Women's gymnastics preview
Douglas performed as an exhibition-only gymnast at the American Cup invitational event in New York in March and performed routines that might have won her the competition had they been judged. Her ascent continued at the national championships in June, where she placed second all-around, and then at the U.S. trials in San Jose, Calif., where held off celebrated teammate Jordyn Wieber for first place. Douglas is a crowd favorite, with an effusive personality and seeming capacity to fly across the gym. Bars are her best event, and in addition to being one of the favorites in the all-around competition, the gymnast known as The Flying Squirrel should contend for gold there, too. At 16, she is still relatively unproven internationally and would be trying to win her first international all-around crown.
This is the strongest women's gymnastics team the United States has ever sent to an Olympics. Consider this: The U.S. team could walk away with gold medals in two individual apparatus events that Douglas and Wieber won't even compete in. The world champion on vault, McKayla Maroney is a favorite to win that event again in London. Vault finalists must actually throw two different vaults in the events finals and Maroney is one of the few who can stick a pair of vaults that score in the 16s with regularity. In addition, Brazil's Jade Barbosa, one of the likely contenders for a vault medal, was left off her Olympic team because of a sponsor controversy. After winning a bronze at the Tokyo worlds, Aly Raisman has upgraded her rock-solid tumbling and will be among the favorites to win the floor exercise event in London.

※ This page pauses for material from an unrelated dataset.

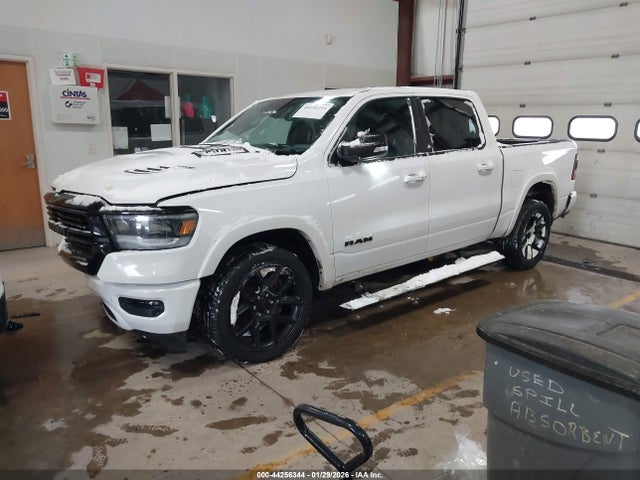 Aukcja sprzedaży 2021 Ram 1500 Laramie  4x4 5'7 Box, vin: 1C6SRFJT1MN620480, numer aukcji: 44256344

The U.S. and Russian gymnasts will likely fight for the top places in both the team and all-around competitions, leaving traditionally strong teams from Romania and China fighting to earn their share of the spoils. All-around bronze medalist Yao Jinnan and Sui Lu, the world champ on the balance beam, highlight China's team. Catalina Ponor and Larisa Lordache lead the Romanians.
Consider measuring the ages of gymnasts in puppy or kitten years. An 18-year-old woman is probably a seasoned veteran with some national titles, a trip to regional and world championships and more than her share of bumps and bruises behind her. A 20-year-old might as well start collecting social security, given the accelerated timeframe and toll the sport takes on a young body. Now imagine a woman twice the age of her rivals challenging for a medal. Impossible? Not if you're Oksana Chusovitina, the Soviet-born, Uzbek-reared German who enters the Olympics as the reigning silver medalist on the vault competition. She is 37-years-old. No, it's not a misprint. Thirty-seven. When she won her first world title on floor in 1991, most of her competitors weren't even born. Chusovitina changed citizenship and began representing Germany in 2006, having moved there to obtain medical treatment for her son, who has leukemia.
Remember the sight of U.S. coach Bela Karolyi carrying an injured Kerri Strug up to the medal podium at the Atlanta Games in 1996? That was the last year the U.S. women, known then as the Mag 7, won team gold at an Olympics. That cannot happen again this year. Why? The roster of gymnasts competing on each team was systematically trimmed down to six and now five. Each team may use three gymnasts on each apparatus in the team final. When coaches select their Olympic teams, they are likely to combine all-arounders who are good on all events with specialists who can boost the team score on weaker events and may even be good enough in their specialties to contend for apparatus medals.